Work to be completed:
Each line below needs to be returned exactly. Skip any picture.

Caption-style text data:

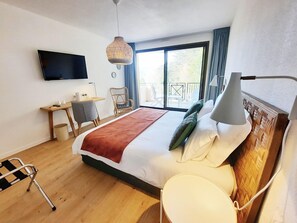 Quarto, vista para o parque | Individualmente decorados, individualmente mobiliados, escrivaninha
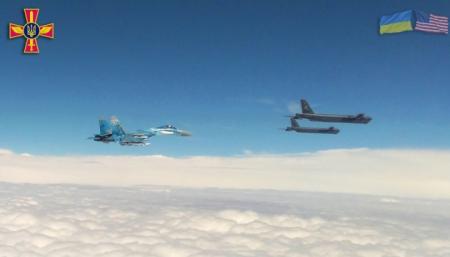 Бомбардировщики США вошли в воздушное пространство Украины, их сопровождают истребители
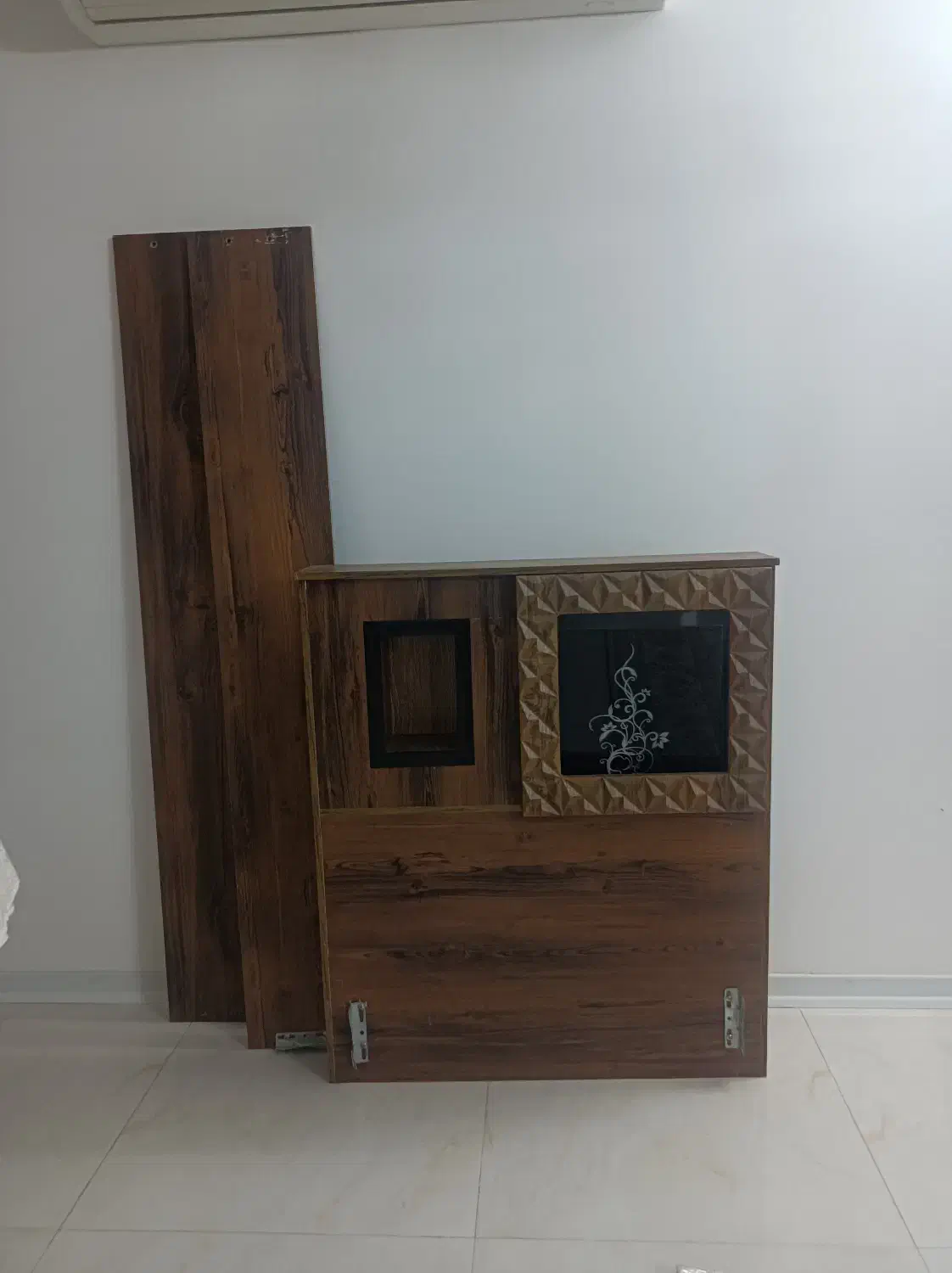 تخت تک نفره|تخت و سرویس خواب|قم, زنبیل آباد|دیوار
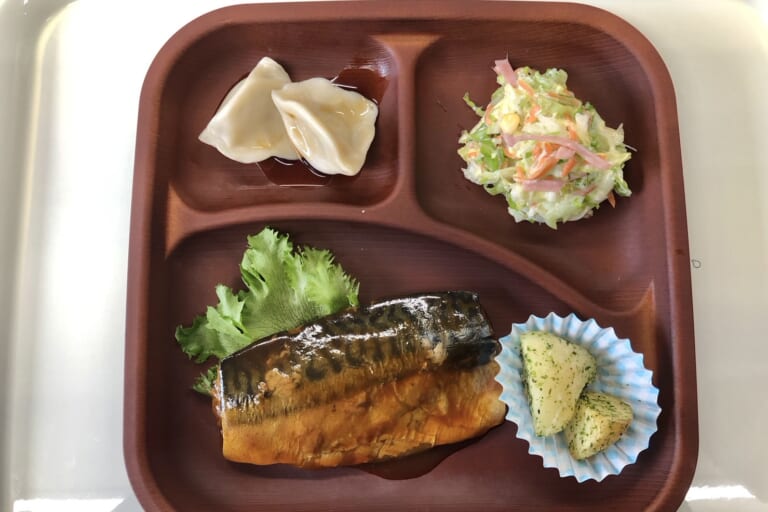 【親和の学生寮】今日の晩ごはん☆さば味噌煮とのり塩ポテト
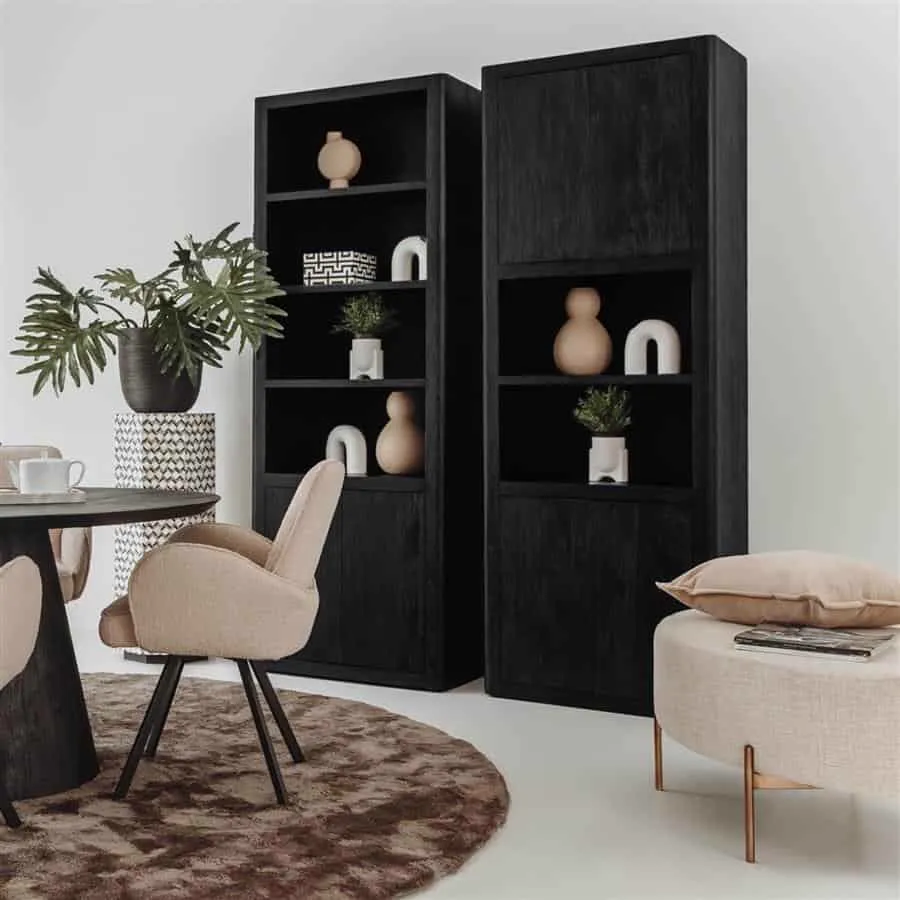 Zwei Tenna Aufbewahrungsschränke von Tower Living in einem stimmungsvollen Wohnzimmer mit rundem Tisch und Stühlen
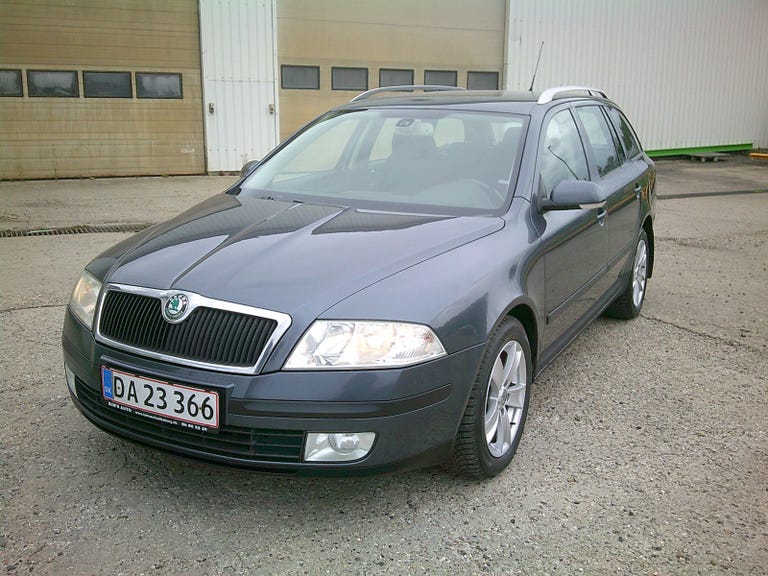 Skoda Octavia TDi Elegance Combi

Result for this task:
 Quarto, vista para o parque | Individualmente decorados, individualmente mobiliados, escrivaninha
 Бомбардировщики США вошли в воздушное пространство Украины, их сопровождают истребители
 تخت تک نفره|تخت و سرویس خواب|قم, زنبیل آباد|دیوار
 【親和の学生寮】今日の晩ごはん☆さば味噌煮とのり塩ポテト
 Zwei Tenna Aufbewahrungsschränke von Tower Living in einem stimmungsvollen Wohnzimmer mit rundem Tisch und Stühlen
 Skoda Octavia TDi Elegance Combi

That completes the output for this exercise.